Quite the contrary.  I speak for special needs families collectively when I say that because of the strain and stress that a medically complex child places on a family's life, that those mothers lose sleep at night to figure ways to make the most of every minute.  We over compensate to make sure that the other children do not feel the overwhelming strains and pressures of this life style -- but only the good and the love.  I make sure that they get alone time with me, date time with mom and dad, group times as siblings without Bridger and family time that makes them glad he is part of our family and not the center ring of our circus.   As a consequence, they have learned gratitude and appreciation.  They do not take for granted the sight of seeing their mom or dad at their basketball game.  They act like they have won the lottery when we take them on a mom AND dad date.  They have come to expect special times that they can open up and share their feelings.

Evie and I led the Brownie troop activity a few months ago.  We invited an author to come present her book on disabilities with her special daughter.  Before the author spoke, Evie presented a report she had prepared about children with special needs.  Before her presentation, I invited her up to stand next to me as I spoke to the Brownies about kids who have disabilities in their life -- not the ones we often speak of that have the diagnosis, but the other kids we don't talk about that have disabilities in their lives -- the siblings.  I talked about Evie and all that she endures so patiently, all that she loves and accepts and sacrifices and how it has made her such a sweet daughter, shaped her into the best sister and transformed her into being the most wonderful friend.  Her face was beaming like she had just won an Oscar and she was bursting out of her Brownie vest.

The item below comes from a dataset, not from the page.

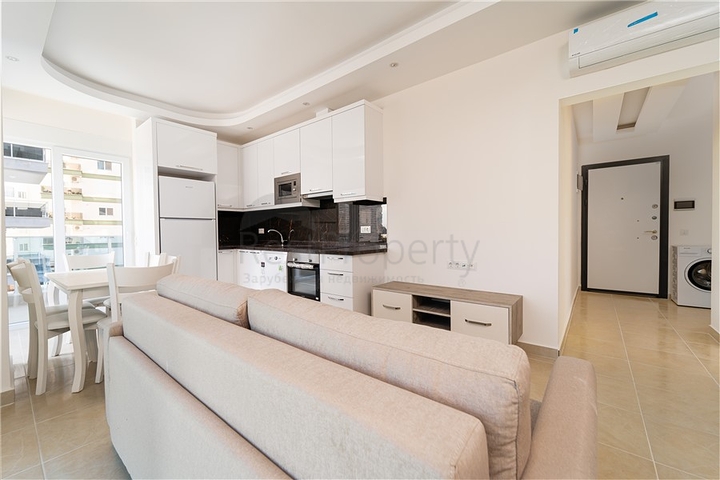 Просторная двухкомнатная квартира в районе Махмутлар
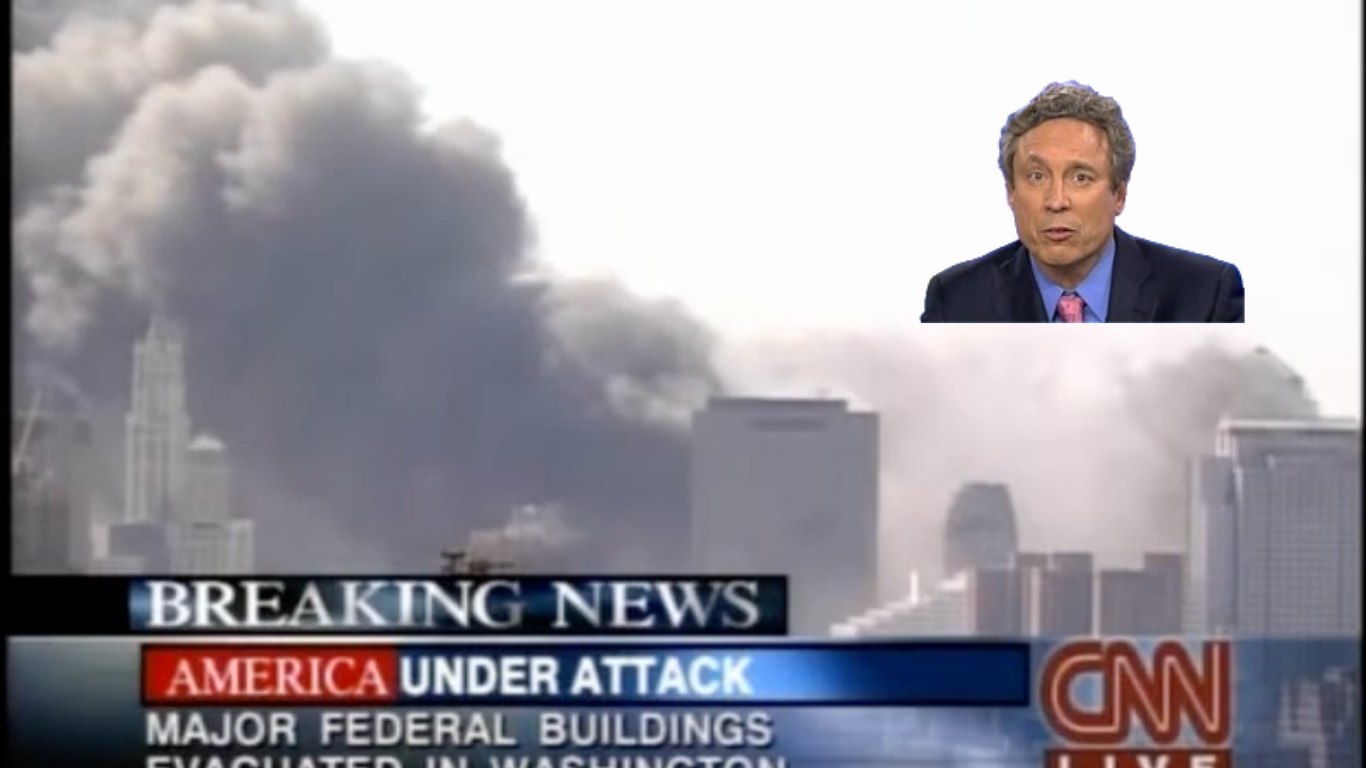 CNN live breaking news: smoke rises from World Trade Center towers after attack; “America under attack” banner.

Mothers like us cannot give in to time-sucking activities like pinterest, facebook, pouring over our hair or wardrobes, needless complaints or negative energy because we need every.  single.  minute.  We have enough already that consumes all of our daylight (and much of our moonlight as well) - specifically 20 medical appointments in the past 12 days and the accompanying 7+ hours of administrative work with insurance that follows closely behind.

Though my journey continues without any knowledge of the freshest crafty decor, without knowing the latest happenings of 316 "friends", with severely neglected hair and my circa 2001 Walmart jeans, my heart is full to know that those other precious four are never forgotten.  In fact, the beauty of this special journey would not have been near as tender and refining without witnessing them as a part of it.

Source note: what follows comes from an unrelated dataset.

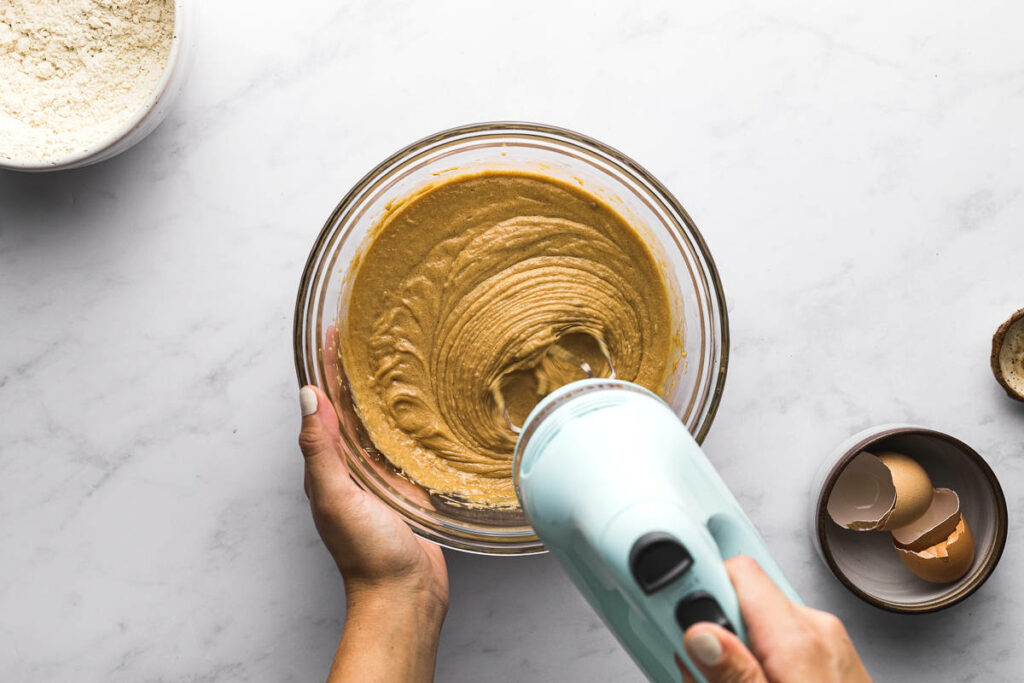 Using a mixer to blend peanut butter, eggs, and sugar.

Years ago I posted THIS.  I marvel as I read it again.  I had hoped and anticipated a future time that Sadie would be the one Bridger would crawl to, that Evie would be the one that Bridger would say his first word to, and that Lance would one day share a doughnut with his brother.  Fast forward to the present and indeed, Bridger moves for Sadie as they cut a rug together that is worthy of any dance-off.  One of Bridger's first words was not to Eva, it was for Eva.  His little mouth hollers for "E-Bee" from all over the house, and Lance and Bridger regularly eat off of each other's plates (as long as it is ice cream, pancakes or Lucky Charms).  Some may see these as developmental coincidences.  But where others choose to see coincidences, I choose to see miracles - miracles that those siblings created that I could not.

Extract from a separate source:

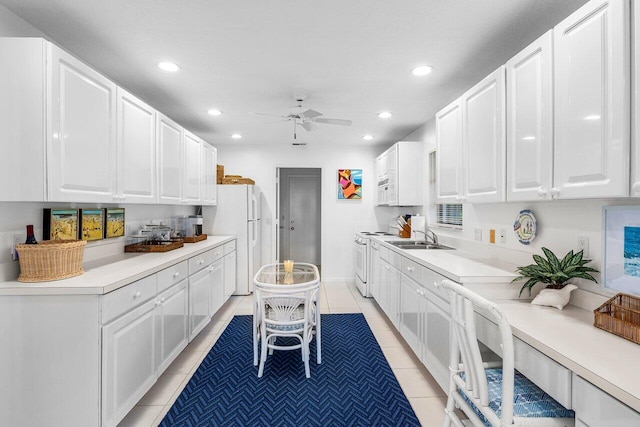 4511 Meadowlark Ln, Boynton Beach, FL 33436 - kitchen featuring a ceiling fan, white appliances, white cabinets, and recessed lighting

A lifetime of perfect mothering could not have formed the hearts in these others that just 5 years with their special brother has.  But hopefully, I will be able to take credit in shaping those hearts just a little in between all the therapy, sleepless nights, medical appointments, hospitalizations, IEPs, tube feeds, vomiting, etc. that come along with this life.  Those four others, they are special too.